Pour éviter ces dérives fâcheuses, il faut que chacun de nous fasse un effort pour adapter son comportement et relever le niveau. Comment ? Voici quelques suggestions sur ce qu’il faut avoir à l’esprit avant de poster un commentaire.

  1. Un bon débat nécessite deux camps nettement tranchés. En général, les deux camps sont déjà mis en place par la chronique initiale, si elle est de qualité. Dans l’exemple qui nous occupe, ça fonctionne bien. Nous pouvons être pour ou contre Fourest, ou bien pour ou contre Caron, c’est du gâteau.   

  2. Avoir deux camps ne suffit pas : chaque intervenant doit obligatoirement choisir son camp, et chaque lecteur aussi. Personne ne doit rester le cul entre deux chaises sous prétexte de subtilités argumentatives. Ce serait de la lâcheté, totalement contraire à l’éthique du bon débat. J’ai moi-même choisi mon camp avant de commencer à lire l’ensemble des commentaires. Comme je ne connaissais ni l’un ni l’autre des ennemis en présence, j’ai joué mon choix à pile ou face, en choisissant pile. Ma lecture, du coup, s’en est trouvée nettement plus plaisante.

  3. Choisir son camp ne suffit pas : il faut le faire gagner. Pour ce faire, tous les coups sont permis, même ceux que l’ONU et la Charte de Médiapart réprouvent. Les attaques personnelles sont fortement conseillées.
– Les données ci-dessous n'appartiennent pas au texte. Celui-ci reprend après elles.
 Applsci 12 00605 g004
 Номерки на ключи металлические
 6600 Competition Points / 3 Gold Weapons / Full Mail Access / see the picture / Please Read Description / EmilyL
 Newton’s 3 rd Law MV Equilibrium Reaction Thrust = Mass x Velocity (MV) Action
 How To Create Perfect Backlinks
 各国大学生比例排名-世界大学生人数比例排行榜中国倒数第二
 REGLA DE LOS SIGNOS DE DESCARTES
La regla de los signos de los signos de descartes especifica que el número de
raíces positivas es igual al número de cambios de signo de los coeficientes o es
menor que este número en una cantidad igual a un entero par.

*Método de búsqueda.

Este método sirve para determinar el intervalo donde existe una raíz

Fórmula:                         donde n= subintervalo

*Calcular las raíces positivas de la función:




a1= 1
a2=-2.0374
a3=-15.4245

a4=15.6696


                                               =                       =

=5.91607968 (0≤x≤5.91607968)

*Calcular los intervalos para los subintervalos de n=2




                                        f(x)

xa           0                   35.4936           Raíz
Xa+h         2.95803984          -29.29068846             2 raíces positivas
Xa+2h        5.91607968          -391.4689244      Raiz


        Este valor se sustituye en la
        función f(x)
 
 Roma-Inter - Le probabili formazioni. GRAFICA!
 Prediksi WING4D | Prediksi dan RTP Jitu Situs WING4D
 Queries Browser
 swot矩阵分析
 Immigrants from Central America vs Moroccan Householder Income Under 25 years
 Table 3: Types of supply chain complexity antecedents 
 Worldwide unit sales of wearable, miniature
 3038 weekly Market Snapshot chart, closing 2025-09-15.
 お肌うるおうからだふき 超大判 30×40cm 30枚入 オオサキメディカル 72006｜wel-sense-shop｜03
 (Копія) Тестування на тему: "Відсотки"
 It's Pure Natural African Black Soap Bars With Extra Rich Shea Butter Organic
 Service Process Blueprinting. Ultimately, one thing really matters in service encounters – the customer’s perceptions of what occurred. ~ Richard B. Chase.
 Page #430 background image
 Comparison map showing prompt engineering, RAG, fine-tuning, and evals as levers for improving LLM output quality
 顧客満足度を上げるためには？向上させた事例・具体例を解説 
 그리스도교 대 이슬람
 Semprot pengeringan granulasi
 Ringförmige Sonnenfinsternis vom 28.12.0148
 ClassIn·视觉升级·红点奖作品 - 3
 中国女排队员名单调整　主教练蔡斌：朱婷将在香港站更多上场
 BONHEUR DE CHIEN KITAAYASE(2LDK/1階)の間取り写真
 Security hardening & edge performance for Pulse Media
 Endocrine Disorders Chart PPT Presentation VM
Certains s’y montrent experts, et peuvent donner à leur camp un avantage décisif  :
    - Tu fait exprès de faire le con, ou c’est ton état naturel ?
    -
    Zozo. Paltoquet. Jocrisse. 
    -
    Pauvre type, crétin est de l’ordre de la constatation. Vous ne pensez quand même pas sérieusement être pris pour autre chose ?

  4. Afin que le débat soit à la hauteur de l’enjeu (qui est grand, chacun doit en avoir conscience), nous ne devons pas hésiter de sortir du sujet initialement abordé pour mettre en lumière la petitesse, la mesquinerie et la bêtise des commentateurs du bord opposé. A titre d’illustration, voici ce qu’écrit un I.C. (Intervenant Chevronné), qui se reconnaitra, à l’un de ses valeureux adversaires : "C’est que tu as l’indignation a géométrie variable : ceux de ton camps ont tous les droits, mais ceux que tu estime (assez stupidement, mais on ne se refait pas) du camps d’en face ont droit a ton mépris".

Il faut savoir que les meilleures choses ont une fin. Le sujet finit par s’épuiser faute de combattants, et surtout quand un camp a pris un net avantage sur l’autre. Le vaincu est celui qui n’ose plus rien poster car les vainqueurs ont pris un avantage psychologique incontestable.

Dans le cas du combat Fourest/Caron, aucune hésitation à avoir : c’est mon camp (le côté pile de la pièce de 1 €) qui a nettement gagné. Et ça tombe très bien, car comme les choses sont bien faites, c’est justement le camp de la justice et de la liberté.

La vie est belle, donc. J’attends le prochain débat avec une certaine gourmandise.